Work instructions: Transcribe the data in full, keeping each line exactly as it appears.

___ Supplied information ___

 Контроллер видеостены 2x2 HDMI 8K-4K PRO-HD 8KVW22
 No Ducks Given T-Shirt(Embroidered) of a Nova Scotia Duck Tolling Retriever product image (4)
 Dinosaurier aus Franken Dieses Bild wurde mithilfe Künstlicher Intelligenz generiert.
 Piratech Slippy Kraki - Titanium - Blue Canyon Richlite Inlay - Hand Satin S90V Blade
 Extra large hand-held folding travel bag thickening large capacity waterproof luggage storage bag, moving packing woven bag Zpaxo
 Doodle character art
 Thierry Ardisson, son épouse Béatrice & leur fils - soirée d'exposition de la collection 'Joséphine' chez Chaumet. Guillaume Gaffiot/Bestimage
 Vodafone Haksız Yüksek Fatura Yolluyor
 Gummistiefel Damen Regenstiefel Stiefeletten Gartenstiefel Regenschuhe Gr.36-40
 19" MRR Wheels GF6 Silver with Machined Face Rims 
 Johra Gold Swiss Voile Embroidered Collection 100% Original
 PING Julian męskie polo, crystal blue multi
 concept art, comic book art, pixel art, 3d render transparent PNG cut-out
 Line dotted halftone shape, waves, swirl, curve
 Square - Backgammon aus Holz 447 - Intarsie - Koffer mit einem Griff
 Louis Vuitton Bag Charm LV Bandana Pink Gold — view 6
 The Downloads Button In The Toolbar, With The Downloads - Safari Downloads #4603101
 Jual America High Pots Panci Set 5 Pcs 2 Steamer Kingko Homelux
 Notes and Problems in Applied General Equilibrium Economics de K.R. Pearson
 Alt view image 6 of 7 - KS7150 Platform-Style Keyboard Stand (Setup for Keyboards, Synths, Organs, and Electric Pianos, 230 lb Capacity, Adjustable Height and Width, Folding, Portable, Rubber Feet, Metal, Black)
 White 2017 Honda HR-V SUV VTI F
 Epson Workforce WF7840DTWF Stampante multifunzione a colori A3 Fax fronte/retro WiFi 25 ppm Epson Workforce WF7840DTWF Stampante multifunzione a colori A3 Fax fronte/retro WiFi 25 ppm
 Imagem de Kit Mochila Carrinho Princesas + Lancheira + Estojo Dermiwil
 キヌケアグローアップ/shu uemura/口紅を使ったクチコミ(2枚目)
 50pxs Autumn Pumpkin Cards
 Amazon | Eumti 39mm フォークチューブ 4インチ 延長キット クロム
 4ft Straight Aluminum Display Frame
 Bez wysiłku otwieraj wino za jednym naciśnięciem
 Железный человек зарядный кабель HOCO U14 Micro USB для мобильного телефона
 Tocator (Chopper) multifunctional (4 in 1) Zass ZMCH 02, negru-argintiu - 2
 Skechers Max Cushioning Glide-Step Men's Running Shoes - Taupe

___

Response to the task:
 Контроллер видеостены 2x2 HDMI 8K-4K PRO-HD 8KVW22
 No Ducks Given T-Shirt(Embroidered) of a Nova Scotia Duck Tolling Retriever product image (4)
 Dinosaurier aus Franken Dieses Bild wurde mithilfe Künstlicher Intelligenz generiert.
 Piratech Slippy Kraki - Titanium - Blue Canyon Richlite Inlay - Hand Satin S90V Blade
 Extra large hand-held folding travel bag thickening large capacity waterproof luggage storage bag, moving packing woven bag Zpaxo
 Doodle character art
 Thierry Ardisson, son épouse Béatrice & leur fils - soirée d'exposition de la collection 'Joséphine' chez Chaumet. Guillaume Gaffiot/Bestimage
 Vodafone Haksız Yüksek Fatura Yolluyor
 Gummistiefel Damen Regenstiefel Stiefeletten Gartenstiefel Regenschuhe Gr.36-40
 19" MRR Wheels GF6 Silver with Machined Face Rims 
 Johra Gold Swiss Voile Embroidered Collection 100% Original
 PING Julian męskie polo, crystal blue multi
 concept art, comic book art, pixel art, 3d render transparent PNG cut-out
 Line dotted halftone shape, waves, swirl, curve
 Square - Backgammon aus Holz 447 - Intarsie - Koffer mit einem Griff
 Louis Vuitton Bag Charm LV Bandana Pink Gold — view 6
 The Downloads Button In The Toolbar, With The Downloads - Safari Downloads #4603101
 Jual America High Pots Panci Set 5 Pcs 2 Steamer Kingko Homelux
 Notes and Problems in Applied General Equilibrium Economics de K.R. Pearson
 Alt view image 6 of 7 - KS7150 Platform-Style Keyboard Stand (Setup for Keyboards, Synths, Organs, and Electric Pianos, 230 lb Capacity, Adjustable Height and Width, Folding, Portable, Rubber Feet, Metal, Black)
 White 2017 Honda HR-V SUV VTI F
 Epson Workforce WF7840DTWF Stampante multifunzione a colori A3 Fax fronte/retro WiFi 25 ppm Epson Workforce WF7840DTWF Stampante multifunzione a colori A3 Fax fronte/retro WiFi 25 ppm
 Imagem de Kit Mochila Carrinho Princesas + Lancheira + Estojo Dermiwil
 キヌケアグローアップ/shu uemura/口紅を使ったクチコミ(2枚目)
 50pxs Autumn Pumpkin Cards
 Amazon | Eumti 39mm フォークチューブ 4インチ 延長キット クロム
 4ft Straight Aluminum Display Frame
 Bez wysiłku otwieraj wino za jednym naciśnięciem
 Железный человек зарядный кабель HOCO U14 Micro USB для мобильного телефона
 Tocator (Chopper) multifunctional (4 in 1) Zass ZMCH 02, negru-argintiu - 2
 Skechers Max Cushioning Glide-Step Men's Running Shoes - Taupe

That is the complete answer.